Опубликовано в журнале НЛО, номер 4, 2019
Егор Соколов (Московская высшая школа социальных и экономических наук (МВШСЭН), программа «История советской цивилизации», магистрант)
Egor Sokolov (Moscow School of Social and Economic Sciences (MSSES), «The History of Soviet Civilization» Program; MA student) sokolovgeorg@gmail.com
Видеоигры до сих пор остаются проблематичным объектом для российской академии. Исследователи старше 40 лет, не имеющие собственного игрового опыта или не воспринимающие этот опыт как культурно-значимый, часто настроены скептично по отношению и к самим играм, и к возможности их научного исследования. Стоит поэтому привести несколько примеров, иллюстрирующих значение видеоигр в современной культуре. Во-первых, сегодня разработка видеоигр — это бизнес с многомиллионными прибылями, а значит, и с огромными аудиториями (рубежным стал 2013 год, когда вышла Grand Theft Auto V, собравшая 800 млн. долларов за первый день продаж и более 1 млрд. за три дня и ставшая, таким образом, самым успешным медиапроектом в истории). Во-вторых, геймификация (то есть использование игровых технологий в неигровых контекстах) становится одной из наиболее эффективных техник неолиберального управления и применяется в бизнесе, образовании, науке и т.д. (один из самых впечатляющих примеров — разработанная в Вашингтонском университете игра Foldit, моделирующая структуру белка; в 2011 году игроки смогли расшифровать структуру обезьянего вируса СПИДа, на 10-й день решив задачу, которая не давалась ученым 15 лет [Khatib F., Dimaio F., et al. 2011]). В-третьих, на протяжении 2010-х годов видеоигры получают признание одновременно как искусство (например, в 2012 году в Нью-Йоркском музее современного искусства была создана экспозиция из 14 видеоигр [Antonelli 2012]) и спорт (в России киберспорт был внесен в реестр спортивных дисциплин в апреле 2016 года [Приказ Министерства спорта]). В-четвертых, в российском медийном контексте вокруг игр возникают моральные паники: журналисты, психологи, священники и политики приписывают им абсолютную суггестивную силу (объясняя шутинги влиянием шутеров), видят в них квинтэссенцию опасностей современной культуры и настаивают на решительных педагогико-политических действиях: введении запретов, увеличении полномочий, усилении контроля и т.д. [Соколов 2015]. Примеры, разумеется, можно было бы множить. Но кажется, что и приведенных должно быть достаточно, чтобы признать, что об играх имеет смысл говорить всерьез.

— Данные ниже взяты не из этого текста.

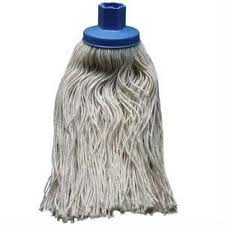 Mery minimop 250 gr.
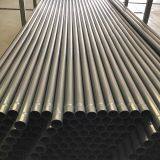 Shandong Huitongda Plastic Industry Co., LTD. company overview - view 2 thumbnail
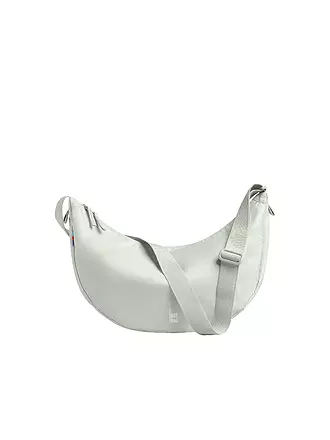 GOT BAG | Gürteltasche MOON BAG Large | mint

Вопрос, однако, заключается в том, как именно о них можно говорить? Game studies — исследовательская область, не претендующая на создание некоего привилегированного языка описания, напротив, с самого начала совмещающая различные дисциплинарные перспективы, использующая методы литературоведения, культурологии, психологии, социологии и философии. На Западе институциализация исследований видеоигр происходит в самом начале 2000-х с появлением исследовательского центра в Копенгагенском университете информационных технологий и рецензируемого журнала «Game Studies» [Ветушинский 2015]. В России изучением игр впервые всерьез начинает заниматься в 2012 году Московский центр исследований видеоигр (МЦИВ), самоорганизованная группа исследователей из МГУ (Александр Ветушинский, Алексей Салин, Егор Соколов) и РГГУ (Леонид Мойжес, Максим Подвальный). Моментом рождения российских game studies можно считать встречу сотрудников Московского центра исследований видеоигр и Лаборатории исследований компьютерных игр при Центре медиафилософии, которая произошла в июне 2013 года на конференции «Компьютерные игры — театр активных действий» (СПбГУ). С тех пор сотрудники МЦИВ провели множество конференций, семинаров, открытых лекций и т.д. Самые значительные достижения Центра: тематический номер журнала «Логос» (2015. № 1), первый в России полноценный курс по исследованию видеоигр (МГУ, 2015, межфакультетский курс «Философия видеоигр») и международная конференция «Видеоигры: исследования, критика, дизайн» (МГУ, РГГУ, 2017).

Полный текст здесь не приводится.